Melbourne’s audience welcomed the production of the “Ballad of the dead brother” and his Greatest Hits at the Melbourne Recital Centre on Friday
Many came to enjoy the work of Mikis Theodorakis with internationally acclaimed George Ellis at the podium leading the Melbourne Symphony Orchestra while singer Dimitris Basis filled the stage with his presence.
The Board of the GCM attended to watch Dimitris Basis marvellous performance and the remarkable work of Mikis Theodorakis.
Τhe president of the GCM Mr Bill Papastergiadis, OAM said “There are no words to describe the remarkable artistic talent of Mikis Theodorakis and his intensely deep love of Greece. His work and legacy are astonishing and the GCM feels honoured to be hosting an event of this calibre performed by the talented Dimitris Basis “.
Cultural Programs Chair for the GCM Leo Vlahakis said: "It's been a long while, but it’s been worth the wait. The prodigiously talented Dimitris Basis has returned to Melbourne to perform the work of the one and only, legend of music-not just in the Greek landscape but the world over-Mikis Theodorakis. The “Ballad of The Dead Brother” was composed sixty years ago and remains a masterpiece and there is nobody better suited to perform for us than Dimitris Basis. It gives the Greek Community of Melbourne enormous pleasure to be hosting such a special event that we enjoyed enormously"”
Mikis Theodorakis in the past has shared his thoughts for his play: “The ballad of the dead brother” is one of my most important work and the one where I always identify with, in every aspect of my life. During these difficult times of the Civil war, Greece was sunk in tears and blood in this never-ending challenge”
Mikis Theodorakis composed a dramatic synthesis based on The Dead Brother's Song named The Ballad of the Dead Brother which referred to the Greek Civil War and the then oppressive political situation in Greece.
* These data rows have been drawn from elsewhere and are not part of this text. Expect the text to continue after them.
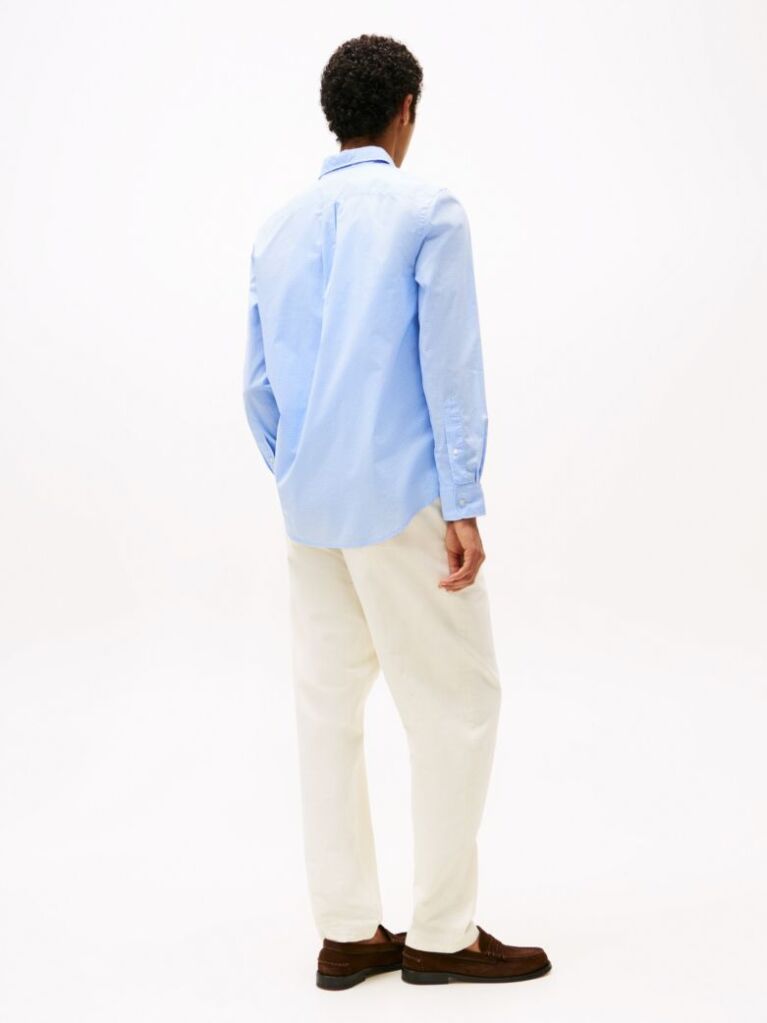 Blue TH Flex Regular Fit Print Shirt  Men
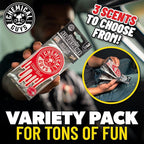 Chemical Guys Hanging Air Freshener, Variety Scent Pack 6 Pack, Great for Cars, Trucks, SUVs, RVs, Home, Garage, Workspace, D
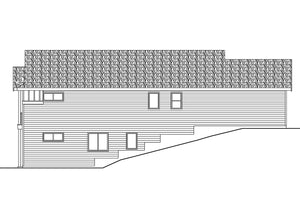 AM7936-A Cottage House, 3 Bedrooms, 2.5 Bathrooms | 31-437 Pinecrest Left Elevation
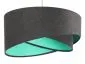 Lampa wisząca GEMSTONE GRAY grafitowa/miętowa nowoczesna | MIRAT. w stylu  kolekcja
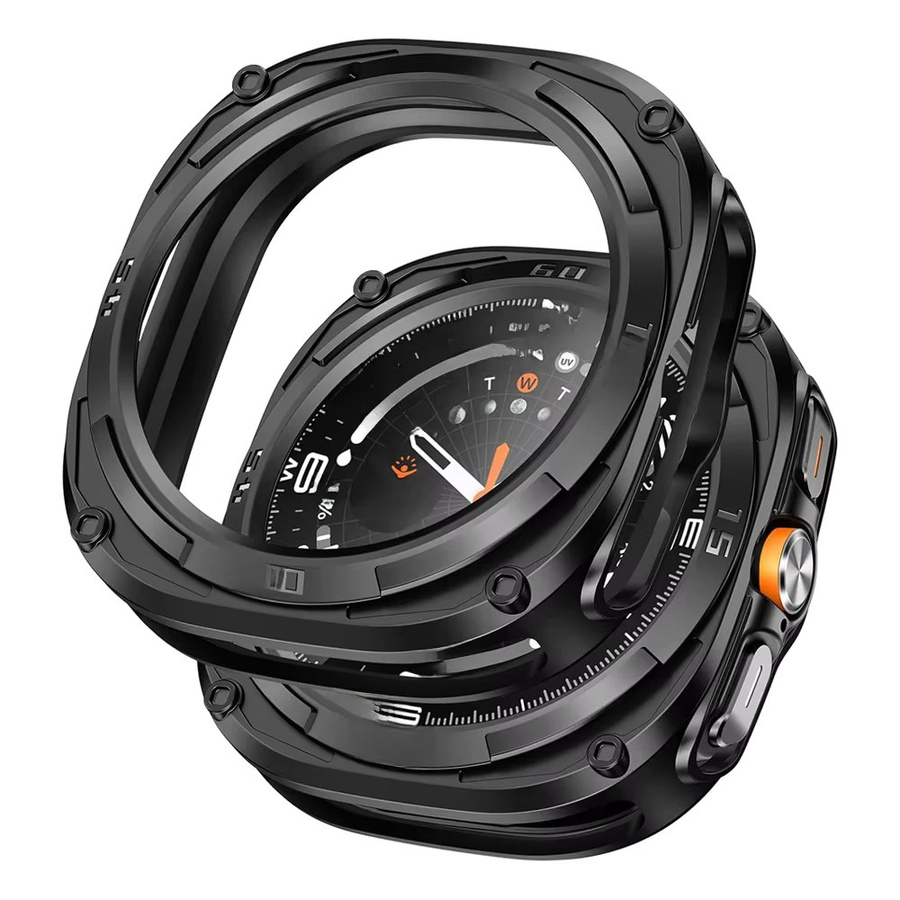 Samsung Displayschutzfolie und Hülle für Galaxy Watch Ultra, Schwarz, Silikon - Bild 7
The legacy of Mikis Theodorakis in Greece and beyond is found not only in his struggle for freedom, even in the face of personal torture and exile, it is in his flawless coupling of art with the voice of the people. What could be a more pertinent example than his perhaps most famous composition: the dance melody for Michael Cacoyannis’ legendary film Zorba the Greek, which has become an unofficial Greek national anthem. The significance of this melody for the people of Greece echoes the power of Verdi’s Va pensiero, and the melody that first inspired Theodorakis to become a composer, Beethoven’s Ode to Joy.
The resounding cheers in the end seemed like they would not stop, and the crowd was talking about this incredible night, long after the concert finished.